Jun 30, 2006

Let's see what's on...

Coming soon to a theater near you...an uplifting documentary about nature, and how love will find a way no matter what the harsh conditions.

March of the Dung Beetles.

Narration by Lewis Black.

"So these things...they play with their own SHIT all their life...then they DIE. So I wonder...why doesn't Bush hire them as PRESS SECRETARIES?"

*click*

GOOOOOOOOOOOOOOOOOOOOOOOOOOOAL! GOOOOOOOOOOOOOOOOOOOOOOOOOOOAL!
GOOOOOOOOOOOOOOOOOOOOOOOOOOOOOOOOOOOOOOOOOOOOOOOOOOOOOOOOAL!

"Um, Katie, we usually just say 'good night' at the end of a newscast."

*click*

This summer, on ABC, So You Think You Can Arc Weld! Starring Dennis Miller and Norm McDonald!

"I'm telling you, this last time I was this excited, I was watching Berlin Alexanderplatz on tryptophan."
"Hey, this equipment, it kinda looks like a COCK!"

*click*

First, Battlestar Galactica. Then, Doctor Who. And now, another classic sci-fi series has returned...Space, 1999!
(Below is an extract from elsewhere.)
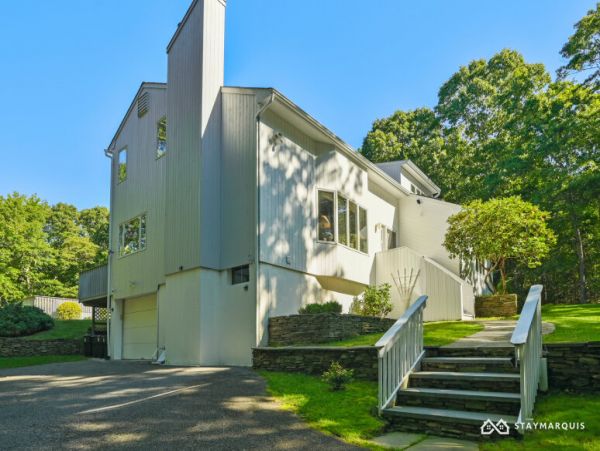 Hamptons Home 1020354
"Mission Control to ISS one. Come in, ISS one."
"Hello, Mission Control. We've completed experiment 24-Alpha."
"And?"
"Um...mold. We grew some mold."
"Oh. I, uh...is it futuristic space mold that shoots laser beams?"
"No. Just mold."
"Ah. Um...look, not to be a dick, but...how much did this experiment cost?"
"One hundred eighty million."
"Wow. I mean...wow."
"Yeah, I know. And I hate to tell you, but the toilet's clogged again."
"Great. That's another fifty million down the tubes..."

*click*

In celebration of Independence Day and this great country's 230th birthday, Masterpiece Theatre is proud to present a dramatic reading of the Preamble to the US Constitution. Ladies and gentlemen, Lewis Black.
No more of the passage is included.